Fuzzy c-Means Clustering

Command: Image Analysis > Cluster Analysis > Fuzzy c-Means Clustering

Fuzzy c-means clustering was introduced by Bezdek et al. in 1984. It is an unsupervised algorithm which requires a user-defined number of clusters. The difference to classical k-means clustering is based on the idea of assigning a class membership value to each pixel which reflects the probability of belonging to a particular class. Thus fuzzy c-means delivers class regions which overlap in the image.

The cluster analysis is performed using the loaded spectral descriptors, which may be (de)selected on an individual basis by ticking off the corresponding check box in the list of spectral descriptors. The results of the k-means clustering is displayed as a colored map, which can be processed in the usual way (copy to the 2D Imager, copy to the image stack, export to DataLab). Furthermore, a particular class of pixels can be copied into the mask editor, thus enabling the user to exclude these pixels from further calculations.

The fuzzy c-means algorithm is prone to unfavorable initial positions of the cluster prototypes. This can be circumvented by repeating the algorithm with different starting positions several times and finally using the set of starting conditions which result in the smallest intra-cluster distance. If you tick off the check box "Optimize", the fuzzy c-means model is calculated 20 times, showing the best of these trials.

The optimal setting of the fuzzy weight parameter is not known a priori and must be found empirically.
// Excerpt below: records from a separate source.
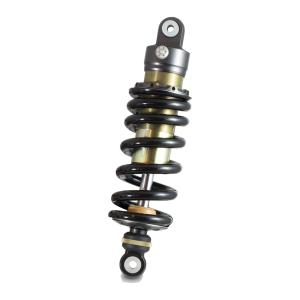 Hyperpro Streetbox shock + fork springs – Ducati Scrambler 800 (2015–2018) – Black spring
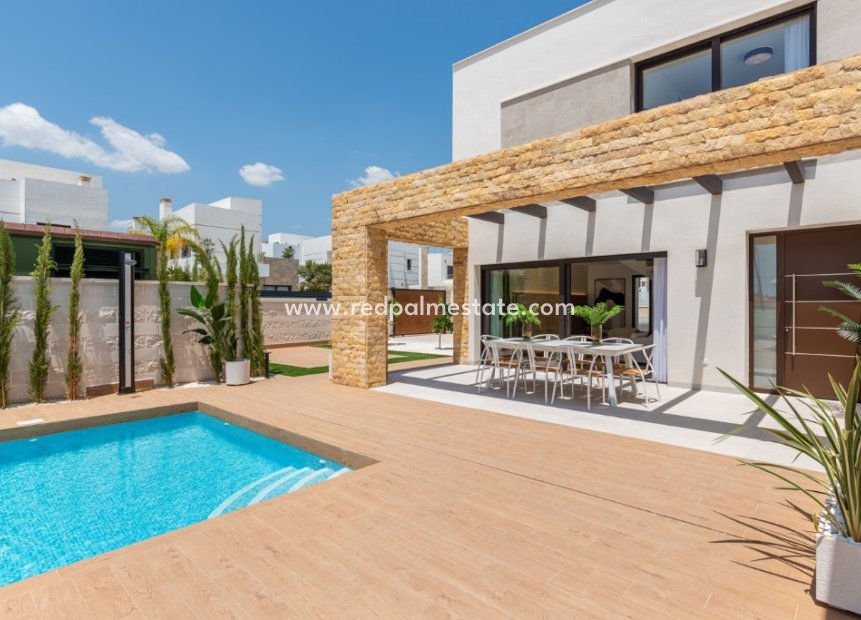 Nouvelle construction - Villa -
Ciudad Quesada/Rojales - Ciudad Quesada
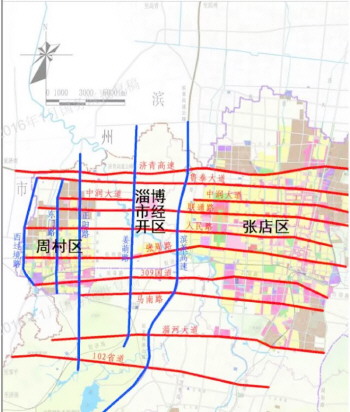 周村投资8.5亿元改造9条道路_淄博新闻_淄博大众网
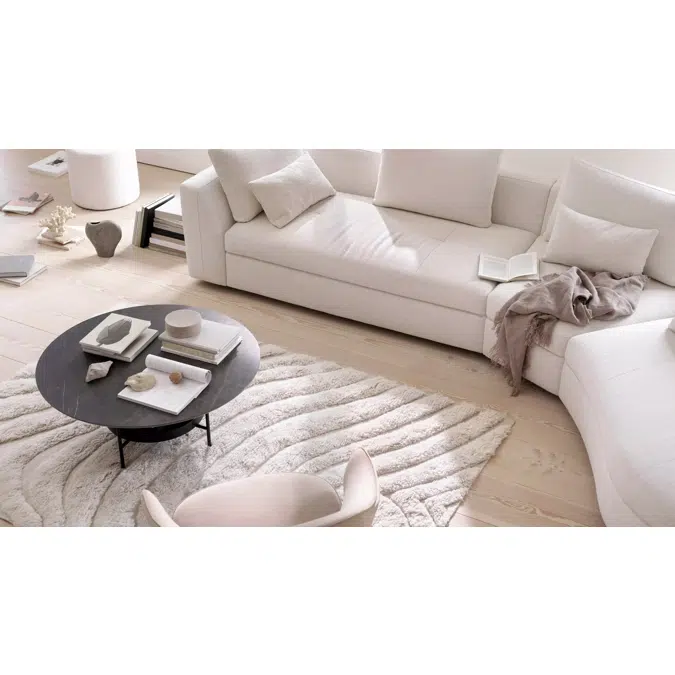 Bergamo bend sofa BG01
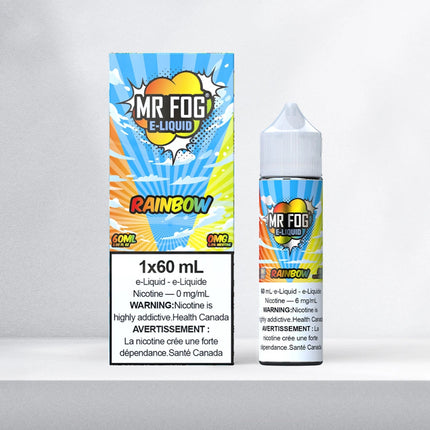 Mr.Fog - Rainbow (EXCISE TAXED)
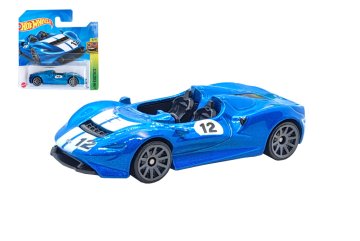 Hot Wheels angličák McLaren Elva HCX54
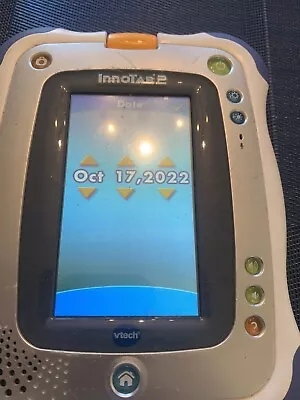 VTech InnoTab2 Touch Learning Tablet  • $15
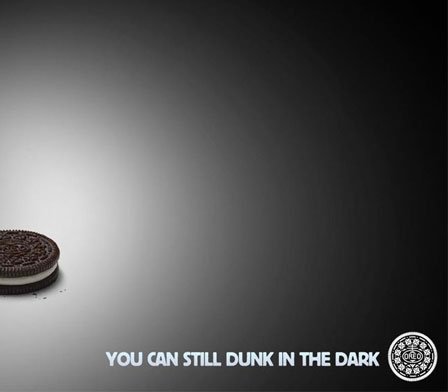 Oreo Super Bowl Ad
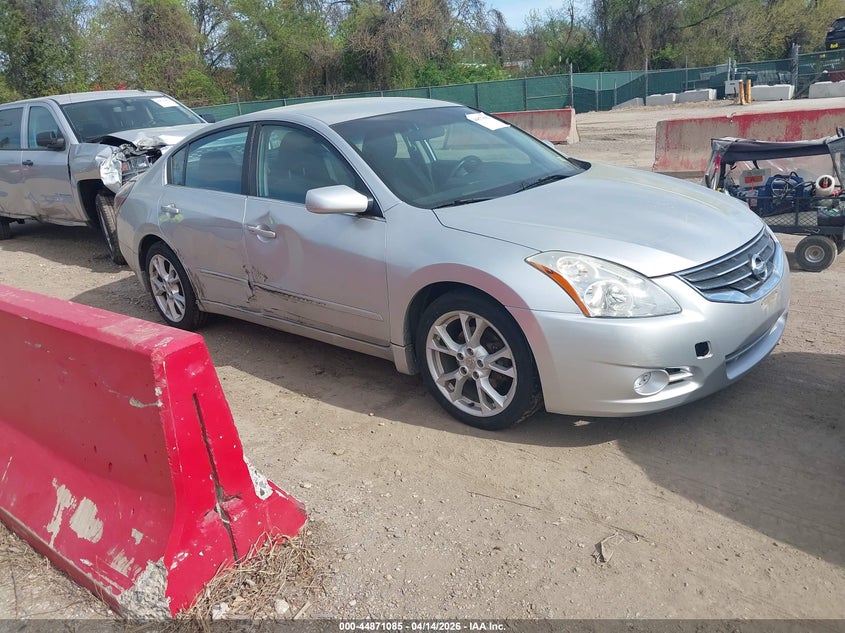 2012 Nissan Altima 2.5 S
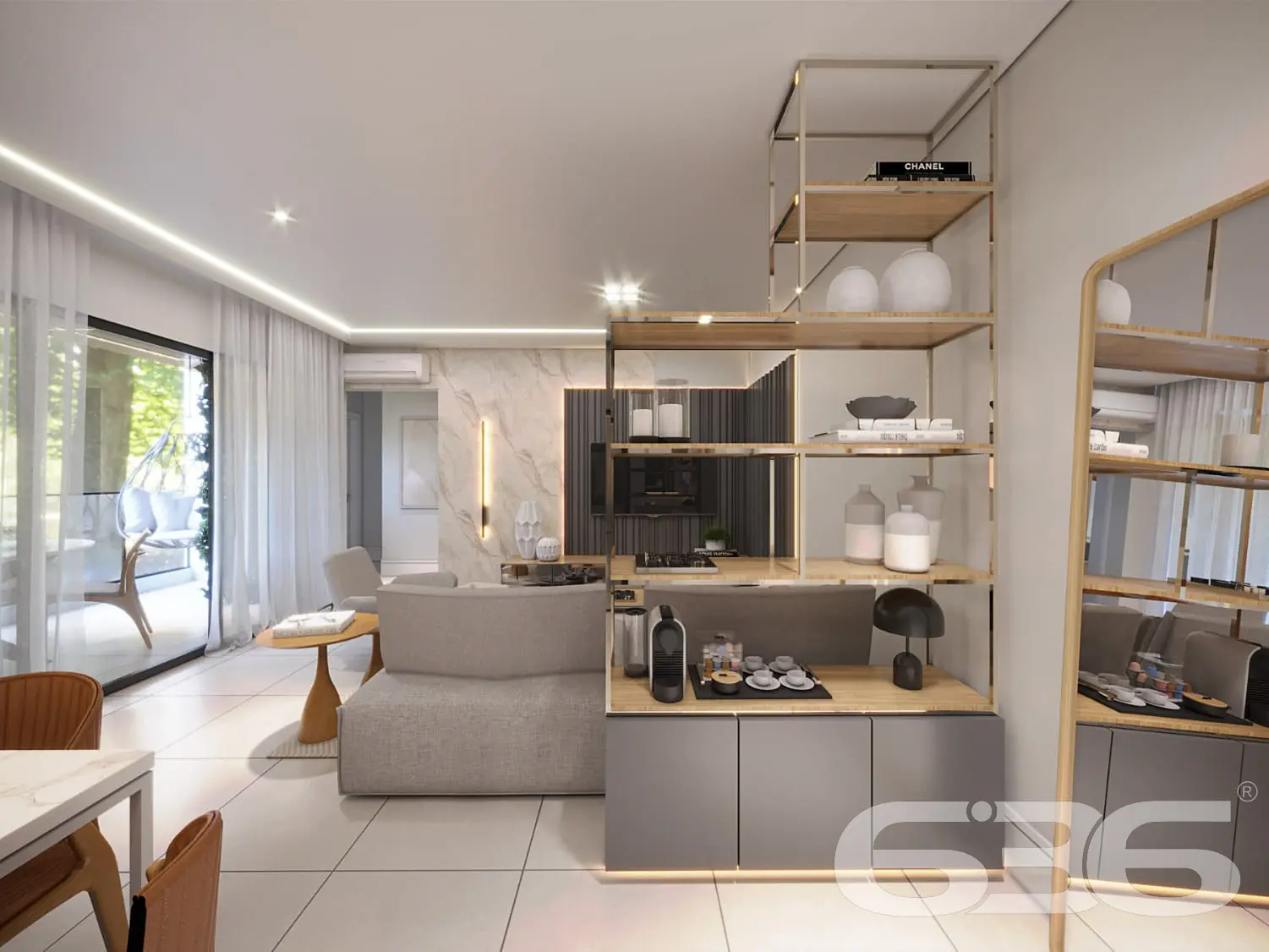 APARTAMENTOS À VENDA NO BAIRRO SAGUAÇU, EM JOINVIL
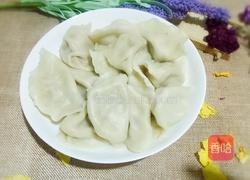 胡萝卜香菇娃娃菜猪肉馅水饺的做法图解15
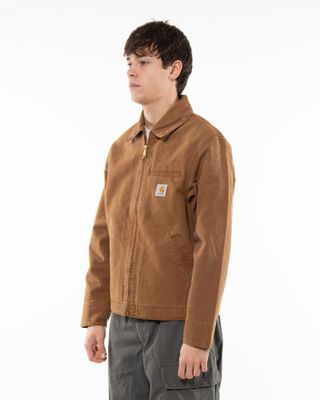 CARHARTT WIP DETROIT JACKET HAMILTON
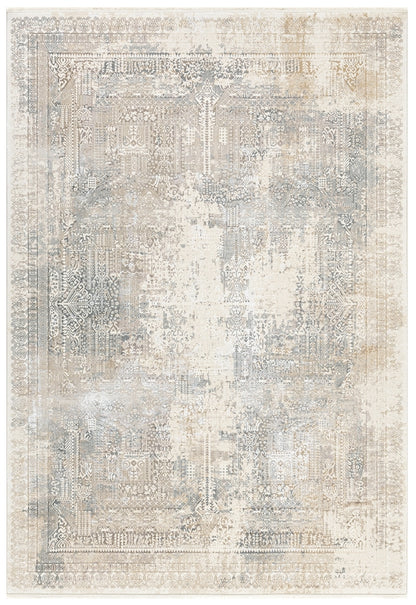 OLİMPOS 3755 Lüks  Salon Halısı – Modern Desenli Yumuşak Dokulu Halı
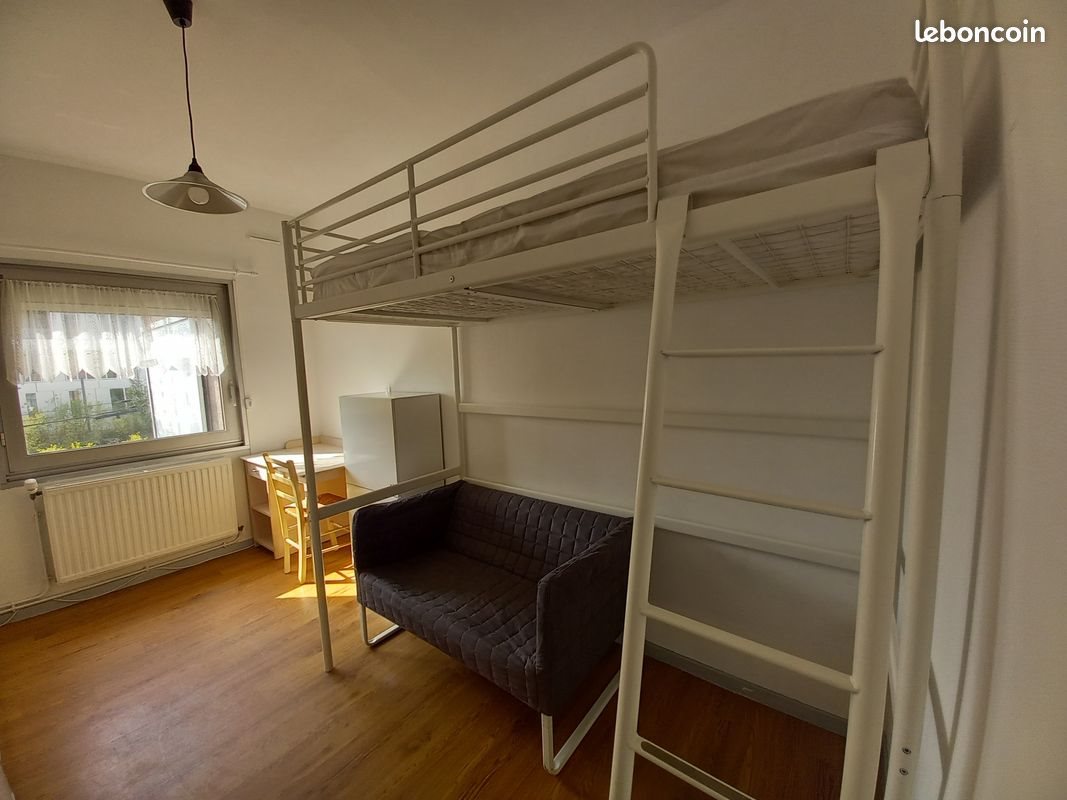 Appartement à louer, 18m², Loos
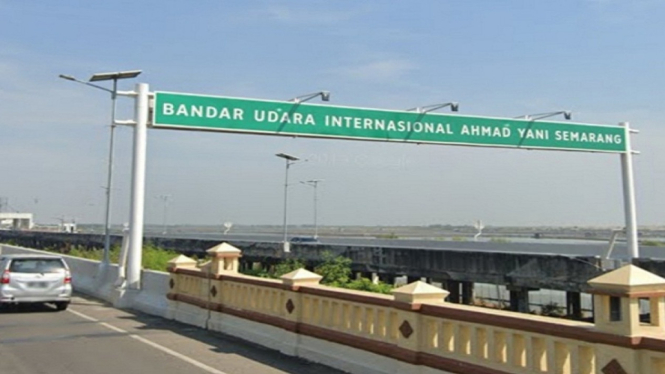 Bandara A. Yani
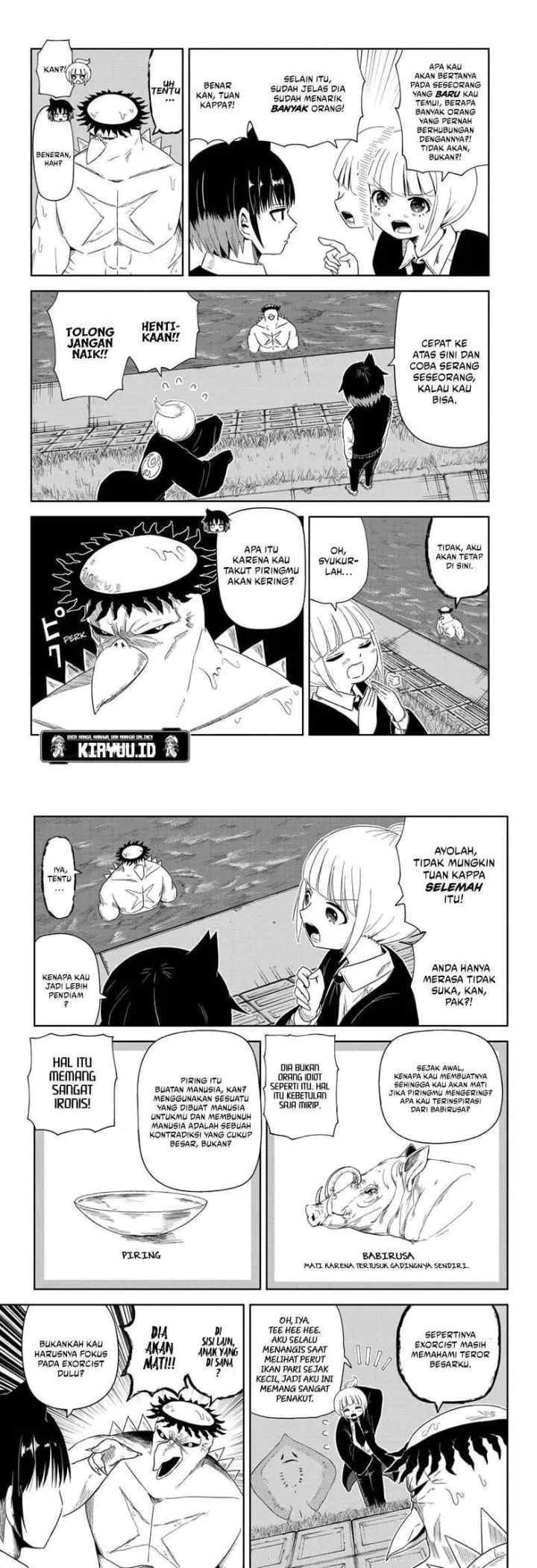 Youkai Buster Murakami chapter 1 halaman 7
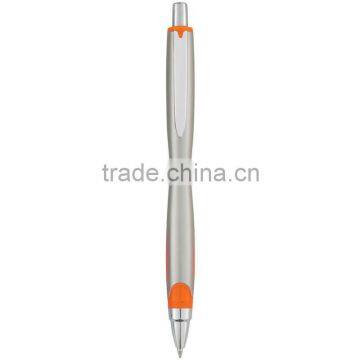 Tahoe Pen-SilverOrange Side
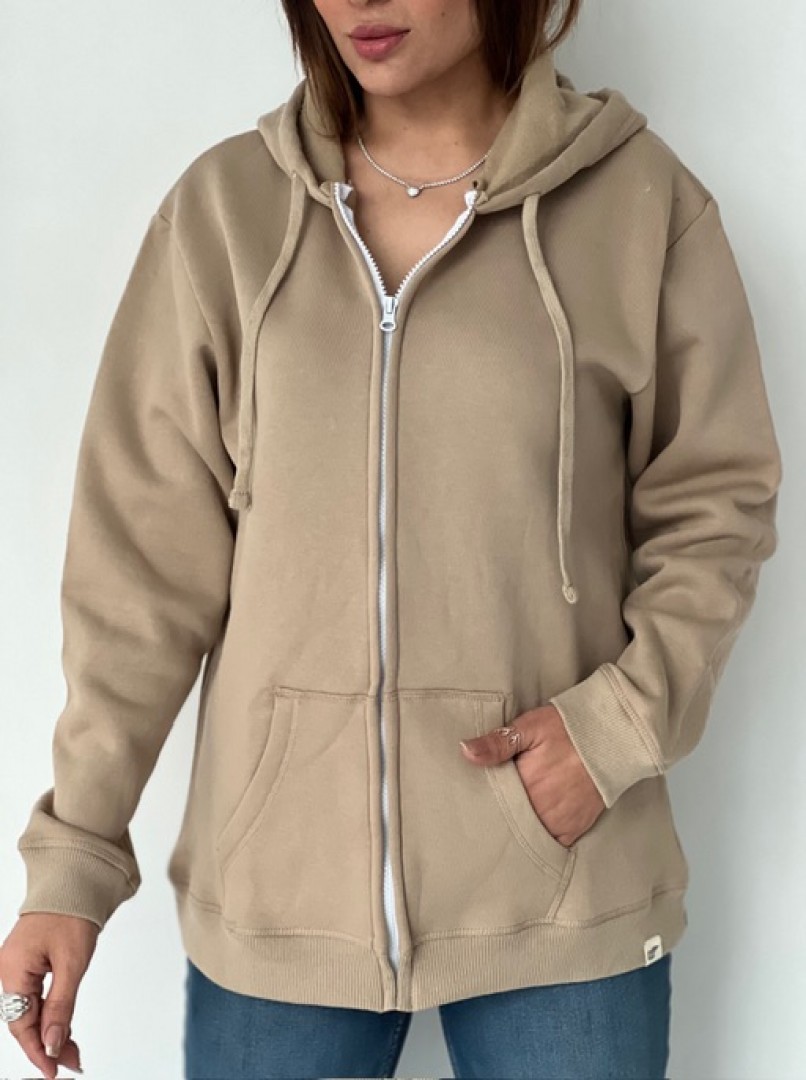 سویشرت  تو‌کرکدار کد1737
A simple tool for this is checking the pixel purities while scanning the weight parameter (see tabsheet "Scan Fuzzy Weight").

How To: Please follow these steps to perform a k-Means clustering:
  1. Select a list of descriptors which should form the basis of the analysis
  2. Select the scaling mode of the data.
  3. Enter the number of expected clusters.
  4. Optionally select a pixel mask if you want to exclude particular regions of the image from the clustering.
  5. Set the fuzzy weight (good values for a first guess are value between 1.2 and 1.5)
  6. Click the "Calculate" button.

Hint: You may transfer a particular class to a pixel mask by selecting the corresponding class in the list of found clusters followed by right-clicking the class entry (popup command "add the selected class to the pixel mask").